Yeah, basically, it sucks.

Comments (22)
  1. BOFH says:

    Post facto snarky comment:

    "It" being Microsoft.

    I can't believe you forgot to pre-empt that…

  2. James Curran says:

    So, which was the "real" problem?  Should Register­Clipboard­Format  have been defined as returning a WORD, or should have CLIP­FORMAT been defined as a UINT? I'd lean towards the former (Do we really need more than 65000 clipboard formats?  Will Klingon be one of them?)

    And what would be the downside of… well.. fixing it.  I'm assuming Register­Clipboard­Format really is now returning 32 bits, even if only 16 of them are significant, so we'd have to change CLIP­FORMAT to a UINT — other than forcing people to remove a bunch of casts they didn't want to write in the frist place, what's the problem?

  3. barbie says:

    @James Curran: I would say the "fault" lies with the one not respecting the initial contract (aka first one's right). Here, the OLE folks did not respect the format returned from RegisterClipboardFormat.
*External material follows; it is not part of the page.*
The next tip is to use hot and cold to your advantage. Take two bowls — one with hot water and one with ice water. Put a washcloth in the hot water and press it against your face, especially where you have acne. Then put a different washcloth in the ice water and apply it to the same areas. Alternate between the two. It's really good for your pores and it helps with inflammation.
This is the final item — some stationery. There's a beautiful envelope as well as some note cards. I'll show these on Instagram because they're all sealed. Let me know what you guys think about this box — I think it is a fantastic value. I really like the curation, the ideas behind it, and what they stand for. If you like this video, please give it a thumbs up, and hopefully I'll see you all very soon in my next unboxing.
    And it's not that easy to fix in after the fact. CLIPFORMAT is 2 bytes. Changing it would break any interface that uses the type.

  4. Ivo says:

    I think the solution is to have RegisterClipboardFormat, EnumClipboardFormats, etc return CLIPFORMAT (regardless of the number of bits). The Windows API is usually better at type safety. Like for example GlobalAddAtom returns ATOM and not WORD.
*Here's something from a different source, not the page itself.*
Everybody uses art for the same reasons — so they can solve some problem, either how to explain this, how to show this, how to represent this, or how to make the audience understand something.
    [Well, for one thing that would be a layering violation. (Lower-level interface dependent on a type defined by a higher-level interface.) And for another thing, changing the return type of a function is a breaking change, so you have to worry about the compatibility consequences. For example, old code which calls the revised Register­Clipboard­Format function will now receive garbage in the upper 16 bits. -Raymond]
  5. Adam Rosenfield says:

    I could envisage a situation where a computer needed more than 65k clipboard formats.  Imagine, if you will, a poorly-designed piece of software that registers a dozen or so different clipboard formats for its purposes.  Suppose further that to avoid potential compatibility issues, it uses different clipboard format names in each version of it (say, because V2 added a new field to the binary clipboard format or something, so you don't want it to crash if users copy and paste between V1 and V2 in either direction).

    Now imagine that developers of this software have gone through thousands of different versions of it (several builds per day over years), with each build adding new clipboard formats but not deleting the old ones (either due to a bug, or because the developers are lazy and don't fully uninstall each build).  At this rate, they could potentially eclipse 65k clipboard formats after a reasonable period of time.

    Granted, that's an extremely contrived and unlikely scenario — in that case, running out of clipboard formats could be a signal to the developers that maybe they're not quite doing something right.  A better solution would be to refactor their versioning into the clipboard data itself instead of the format name.

  6. JeroeN Mostert says:

    @Adam: Why is it that every time someone starts off with "imagine, if you will…" they proceed by describing a scenario best left to the Twilight Zone? :-)

  7. alegr1 says:

    @Adam R:

    Clipboard format registration is desktop-local and ethemeral. It's not persistent over a reboot.

  8. Zan Lynx says:

    @JeroeN: Whenever you imagine a scenario so awful, so hideous, so twisted that you believe it could not actually happen — plan for it happening. It will happen. Someone will write it.

  9. Finn says:

    Why would anyone think C's types were a good idea anyway? Is there some advantage to "int" being 32-bit on one platform and 48-bit on another? Were they really that naïve, to think that you could just compile the source on a different platform, and have it magically work? The mind boggles.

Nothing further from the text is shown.